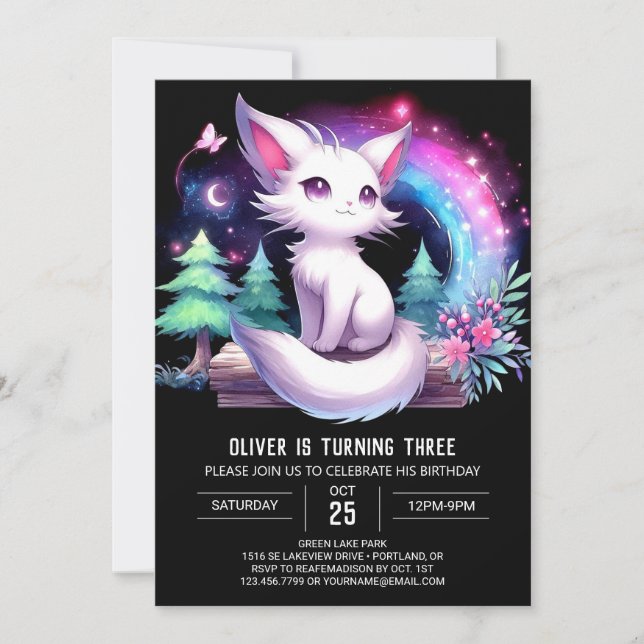 Elegant Magical Cat Birthday Invitation (Front)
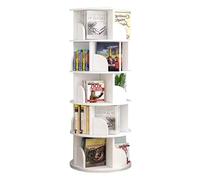 GHKFEJGDEN Libreria Girevole a 360° Libreria Bianca a 2/3/4/5/6 Livelli Libreria Rotonda Girevole Mensola Angolare Girevole per la Casa Soggiorno Camera da Letto (Dimensioni: 40 * 159 cm)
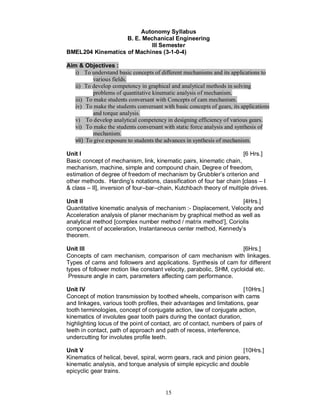 Autonomy Syllabus
                   B. E. Mechanical Engineering
                            III Semester
BMEL204 Kinematics of Machines (3-1-0-4)

Aim & Objectives :
   i) To understand basic concepts of different mechanisms and its applications to
           various fields.
   ii) To develop competency in graphical and analytical methods in solving
           problems of quantitative kinematic analysis of mechanism.
   iii) To make students conversant with Concepts of cam mechanism.
   iv) To make the students conversant with basic concepts of gears, its applications
           and torque analysis.
   v) To develop analytical competency in designing efficiency of various gears.
   vi) To make the students conversant with static force analysis and synthesis of
           mechanism.
   vii) To give exposure to students the advances in synthesis of mechanism.

Unit I                                                                [6 Hrs.]
Basic concept of mechanism, link, kinematic pairs, kinematic chain,
mechanism, machine, simple and compound chain, Degree of freedom,
estimation of degree of freedom of mechanism by Grubbler’s criterion and
other methods. Harding’s notations, classification of four bar chain [class – I
& class – II], inversion of four–bar–chain, Kutchbach theory of multiple drives.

_Action item_
Could you filter the material above and copy each line that holds the word "methods"?

_Completed exercise_
   ii) To develop competency in graphical and analytical methods in solving
other methods. Harding’s notations, classification of four bar chain [class – I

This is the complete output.